▶ _Your assignment_
Copy the data exactly, pictures aside.

▶ _Supplied information_

============

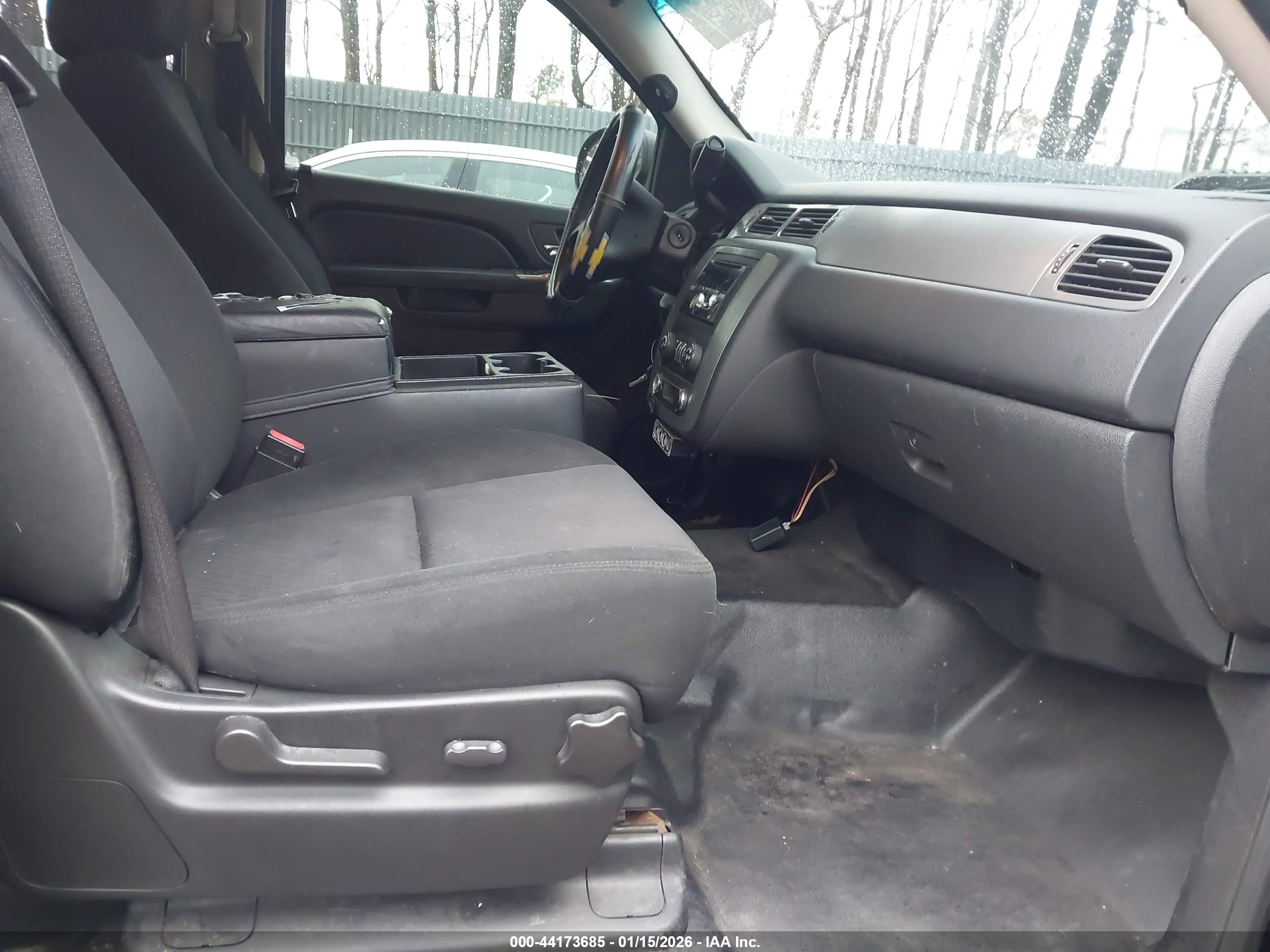 CHEVROLET TAHOE image 5
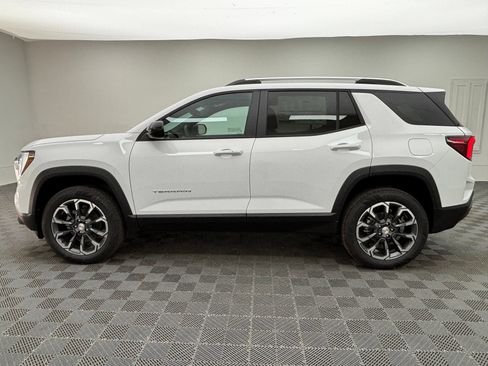 New 2027 GMC Terrain Elevation w/ Elevation Premium Package FWD image 12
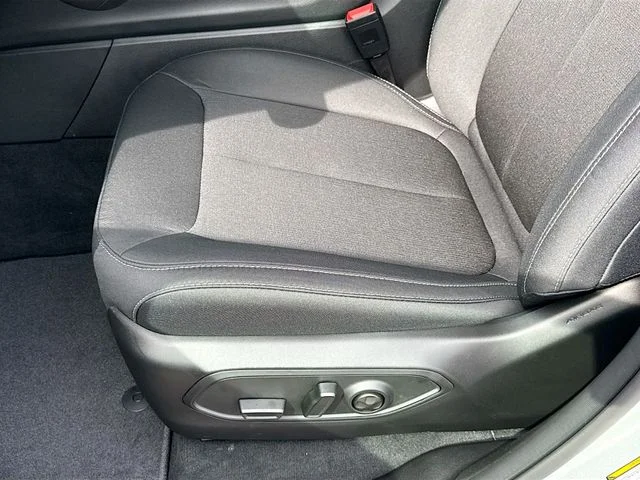 New 2026 Silver Zynith Exterior Paint Jeep Laredo image 13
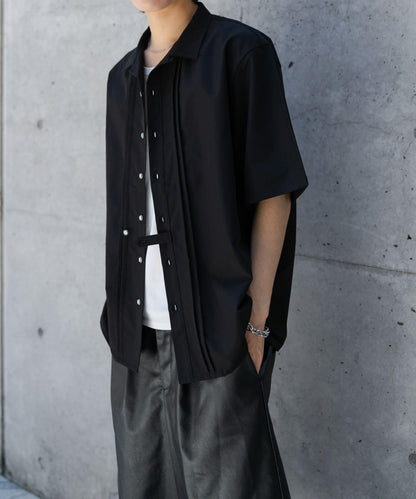 設計感翻領短袖襯衫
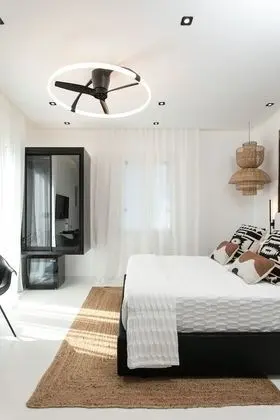 Deluxe Stüdyo Süit, 1 Yatak Odası, Sıcak Su Havuzu, Deniz Manzaralı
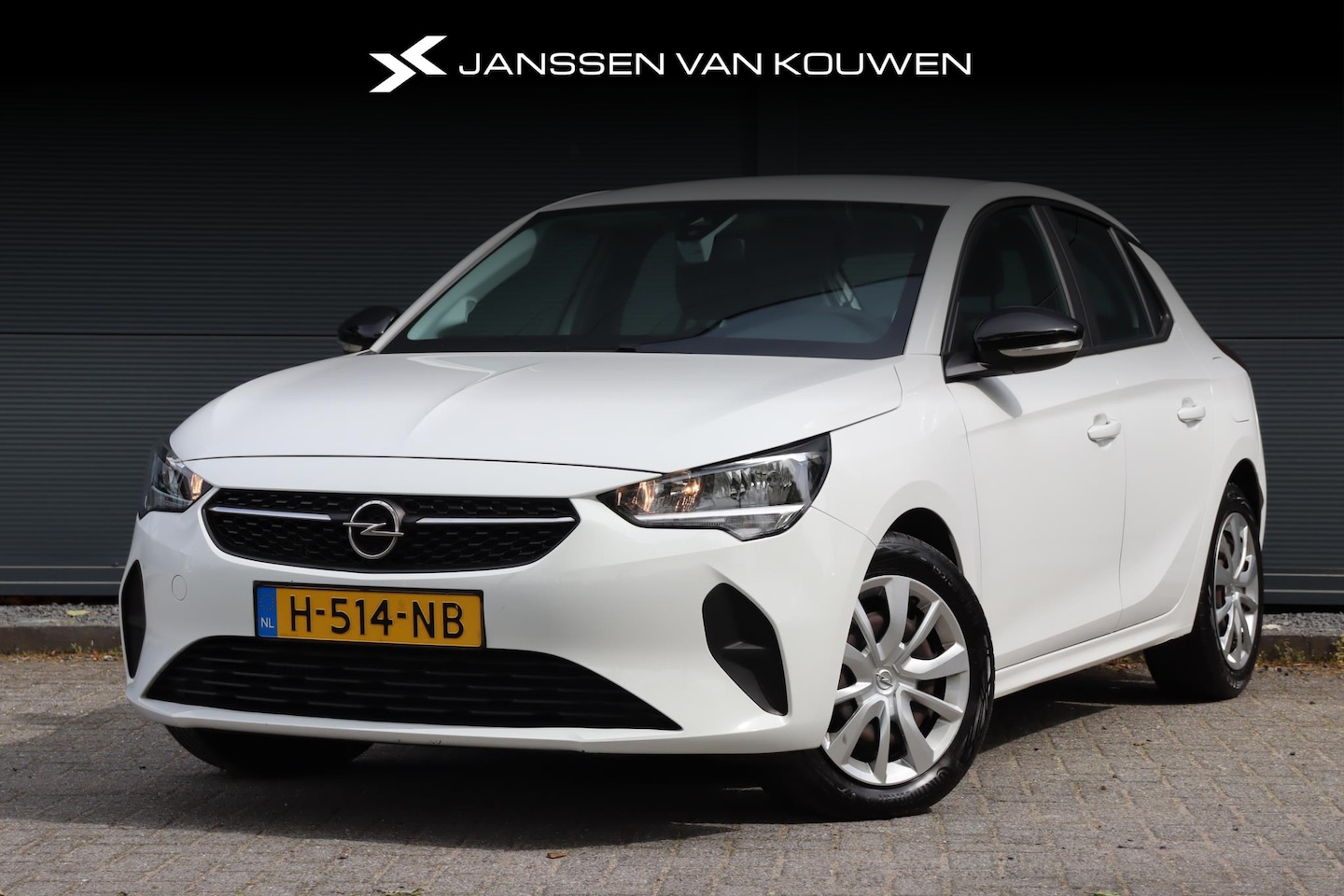 Opel Corsa - Edition 1.2 100 pk / Camera / Navigatie / Apple CarPlay - AutoWereld.nl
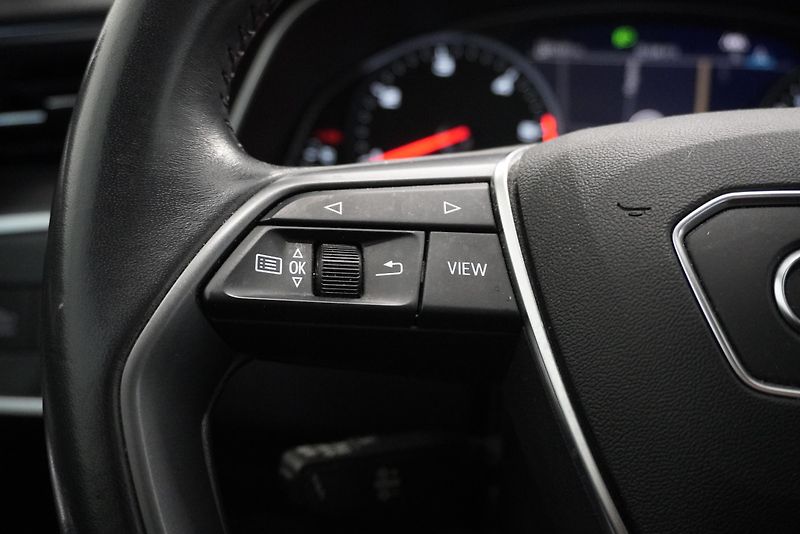 Audi A6  3,0 50 TDI 286PS QUATTRO AUT. - fotka 19 z 30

============

▶ _Solution for this exercise_
 CHEVROLET TAHOE image 5
 New 2027 GMC Terrain Elevation w/ Elevation Premium Package FWD image 12
 New 2026 Silver Zynith Exterior Paint Jeep Laredo image 13
 設計感翻領短袖襯衫
 Deluxe Stüdyo Süit, 1 Yatak Odası, Sıcak Su Havuzu, Deniz Manzaralı
 Opel Corsa - Edition 1.2 100 pk / Camera / Navigatie / Apple CarPlay - AutoWereld.nl
 Audi A6  3,0 50 TDI 286PS QUATTRO AUT. - fotka 19 z 30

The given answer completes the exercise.